=== GIVEN ENTRIES ===
☆ ☆ ☆ ☆ ☆

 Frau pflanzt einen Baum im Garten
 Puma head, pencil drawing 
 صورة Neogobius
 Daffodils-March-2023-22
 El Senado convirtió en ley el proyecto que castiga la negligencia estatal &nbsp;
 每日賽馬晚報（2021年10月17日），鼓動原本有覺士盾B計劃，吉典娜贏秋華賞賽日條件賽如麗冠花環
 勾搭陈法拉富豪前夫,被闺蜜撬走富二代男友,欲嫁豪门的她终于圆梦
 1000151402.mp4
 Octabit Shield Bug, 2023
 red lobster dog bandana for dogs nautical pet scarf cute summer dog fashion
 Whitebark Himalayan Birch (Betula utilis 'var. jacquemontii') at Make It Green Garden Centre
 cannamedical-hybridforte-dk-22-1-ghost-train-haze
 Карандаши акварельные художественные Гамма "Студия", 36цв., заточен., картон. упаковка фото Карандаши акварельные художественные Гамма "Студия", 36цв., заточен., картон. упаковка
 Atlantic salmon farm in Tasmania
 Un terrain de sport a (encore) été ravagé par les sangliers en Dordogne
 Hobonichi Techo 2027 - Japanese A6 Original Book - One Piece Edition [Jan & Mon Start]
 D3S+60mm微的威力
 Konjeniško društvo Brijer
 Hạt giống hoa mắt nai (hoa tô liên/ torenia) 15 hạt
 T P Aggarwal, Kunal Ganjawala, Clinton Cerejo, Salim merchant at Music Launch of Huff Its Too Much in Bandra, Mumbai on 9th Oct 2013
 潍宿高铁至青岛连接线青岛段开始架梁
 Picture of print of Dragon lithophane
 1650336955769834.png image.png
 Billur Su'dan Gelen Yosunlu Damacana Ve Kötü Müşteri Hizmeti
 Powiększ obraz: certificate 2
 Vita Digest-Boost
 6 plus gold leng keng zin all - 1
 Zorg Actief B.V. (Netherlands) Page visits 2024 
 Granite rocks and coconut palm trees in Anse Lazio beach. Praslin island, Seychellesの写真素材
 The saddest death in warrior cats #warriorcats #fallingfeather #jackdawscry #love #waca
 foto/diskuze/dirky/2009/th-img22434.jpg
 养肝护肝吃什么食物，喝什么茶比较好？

☆ ☆ ☆ ☆ ☆

=== TASK BRIEF ===
Quote the listing above, but only from the line that shows "El Senado convirtió" through the line that shows "Hạt giống hoa".

=== SOLVED PROBLEM ===
 El Senado convirtió en ley el proyecto que castiga la negligencia estatal &nbsp;
 每日賽馬晚報（2021年10月17日），鼓動原本有覺士盾B計劃，吉典娜贏秋華賞賽日條件賽如麗冠花環
 勾搭陈法拉富豪前夫,被闺蜜撬走富二代男友,欲嫁豪门的她终于圆梦
 1000151402.mp4
 Octabit Shield Bug, 2023
 red lobster dog bandana for dogs nautical pet scarf cute summer dog fashion
 Whitebark Himalayan Birch (Betula utilis 'var. jacquemontii') at Make It Green Garden Centre
 cannamedical-hybridforte-dk-22-1-ghost-train-haze
 Карандаши акварельные художественные Гамма "Студия", 36цв., заточен., картон. упаковка фото Карандаши акварельные художественные Гамма "Студия", 36цв., заточен., картон. упаковка
 Atlantic salmon farm in Tasmania
 Un terrain de sport a (encore) été ravagé par les sangliers en Dordogne
 Hobonichi Techo 2027 - Japanese A6 Original Book - One Piece Edition [Jan & Mon Start]
 D3S+60mm微的威力
 Konjeniško društvo Brijer
 Hạt giống hoa mắt nai (hoa tô liên/ torenia) 15 hạt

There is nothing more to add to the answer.